DIOR LADY ART #5 : RENCONTRE AVEC LES ARTISTES
JOËL ANDRIANOMEARISOA
D’Antananarivo à Paris, Joël Andrianomearisoa cultive une fascination pour la ville, cette entité mystérieuse, ce « tout » où culmine son inspiration foisonnante au gré des sons, des fragrances, des textures, des êtres, ou encore des architectures. Sa recherche créative est tissée de la diversité infinie des émotions qu’il s’attache à matérialiser au nom d’une tendre mélancolie, d’une absence inévitable que chacun comprend mais n’arrive pas à nommer.

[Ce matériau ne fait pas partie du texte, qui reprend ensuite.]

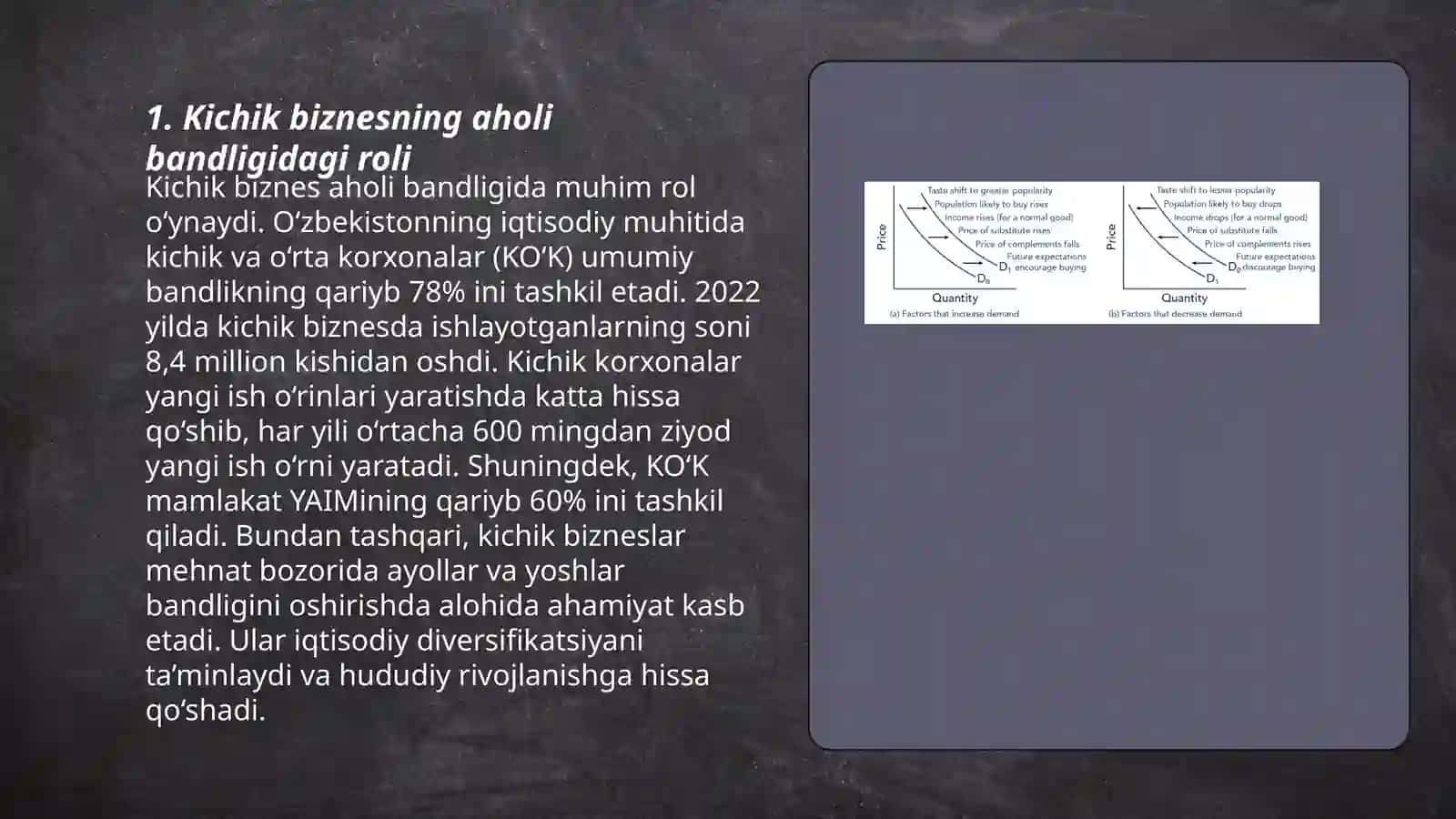 Kichik biznes va xususiy tadbirkorlik sub'ektlari ko‘rsatkichlarini ekonometrik tahlil qilish 3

Son travail, insaisissable et magnétique, fait de la fragilité et de l’intensité du désir une force essentielle de la vie. « Emportez-moi jusqu’au bout de tous les amours », scande The Labyrinth of Lady Dior, sa réinterprétation du sac Lady Dior, comme le témoignage des passions déjà assouvies, promesse de nouvelles histoires.

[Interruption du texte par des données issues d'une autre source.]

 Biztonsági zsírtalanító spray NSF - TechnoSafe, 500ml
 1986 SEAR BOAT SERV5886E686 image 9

En surface, des superpositions de matières, millefeuilles délicats, reproduisent des battements de cœur alors qu’à l’intérieur une doublure immaculée symbolise le tourbillon des amours. Le récit commence dès l’emballage, à la fois écrin et œuvre unique en papier. Ornées de cuir ou de radzimir de soie, ces deux versions, noires, s’habillent de broderies, de découpes mais aussi de mots, de souffles et de caresses, telles des oeuvres vivantes en perpétuel mouvement. Ultime surprise poétique, un petit livre les accompagne, entre mémoire, écriture du projet et journal intime de leurs vies futures. Une ode aux sentiments, une lecture sensible du monde.
JUDY CHICAGO
Emblématique fondatrice de l’art féministe, Judy Chicago a fait de son œuvre et de ses recherches un moyen de combattre les idées patriarcales. Cette personnalité aux multiples talents n’a cessé de développer une esthétique singulière questionnant la domination masculine et célébrant la réussite des femmes, souvent oubliées ou reléguées au second plan malgré leurs contributions essentielles. Aux lignes nettes et anguleuses de ses contemporains, elle préfère des courbes généreuses, sensuelles, colorées et suggestives, où spirales et coquillages évoquent les symboles du pouvoir féminin, à l’image des peintures qu’elle a choisies pour revisiter l’iconique Lady Dior.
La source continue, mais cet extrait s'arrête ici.